Dropping every picture, set down exactly the lines in the entries below, starting with the line with "Lodanna King/California King" and going on through the line with "896-40 - VELOUR".
BEGIN Provided records
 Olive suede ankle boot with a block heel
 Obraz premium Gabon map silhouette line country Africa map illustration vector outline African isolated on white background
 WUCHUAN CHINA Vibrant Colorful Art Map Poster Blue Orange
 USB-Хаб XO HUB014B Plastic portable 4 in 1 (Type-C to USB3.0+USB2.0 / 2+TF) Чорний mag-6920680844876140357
END Provided records
BEGIN Provided records
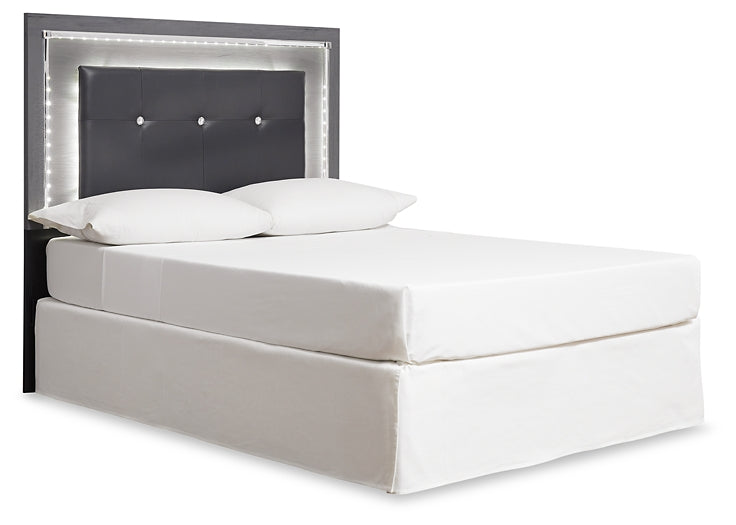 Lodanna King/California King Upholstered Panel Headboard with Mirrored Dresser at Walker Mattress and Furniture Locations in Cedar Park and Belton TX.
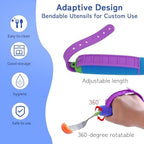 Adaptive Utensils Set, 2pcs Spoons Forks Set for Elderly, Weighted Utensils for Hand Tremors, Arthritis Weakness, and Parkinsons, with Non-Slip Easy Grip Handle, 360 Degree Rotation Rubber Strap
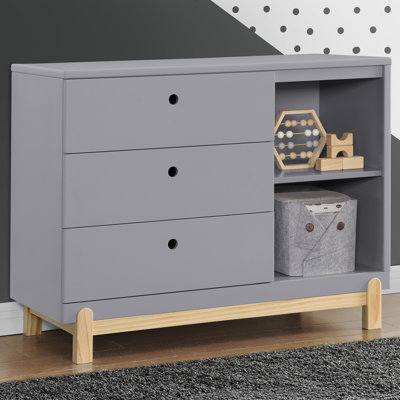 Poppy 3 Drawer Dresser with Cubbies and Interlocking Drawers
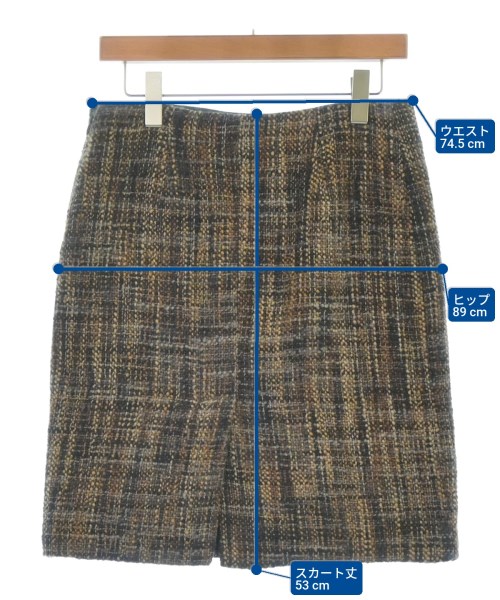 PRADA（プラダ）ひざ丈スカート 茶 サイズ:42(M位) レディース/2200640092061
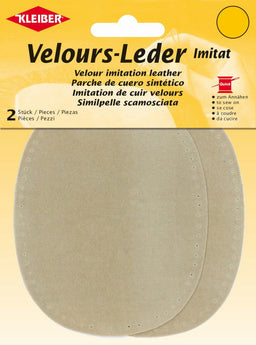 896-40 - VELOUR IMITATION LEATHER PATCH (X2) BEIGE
END Provided records
• Task solution:
 Lodanna King/California King Upholstered Panel Headboard with Mirrored Dresser at Walker Mattress and Furniture Locations in Cedar Park and Belton TX.
 Adaptive Utensils Set, 2pcs Spoons Forks Set for Elderly, Weighted Utensils for Hand Tremors, Arthritis Weakness, and Parkinsons, with Non-Slip Easy Grip Handle, 360 Degree Rotation Rubber Strap
 Poppy 3 Drawer Dresser with Cubbies and Interlocking Drawers
 PRADA（プラダ）ひざ丈スカート 茶 サイズ:42(M位) レディース/2200640092061
 896-40 - VELOUR IMITATION LEATHER PATCH (X2) BEIGE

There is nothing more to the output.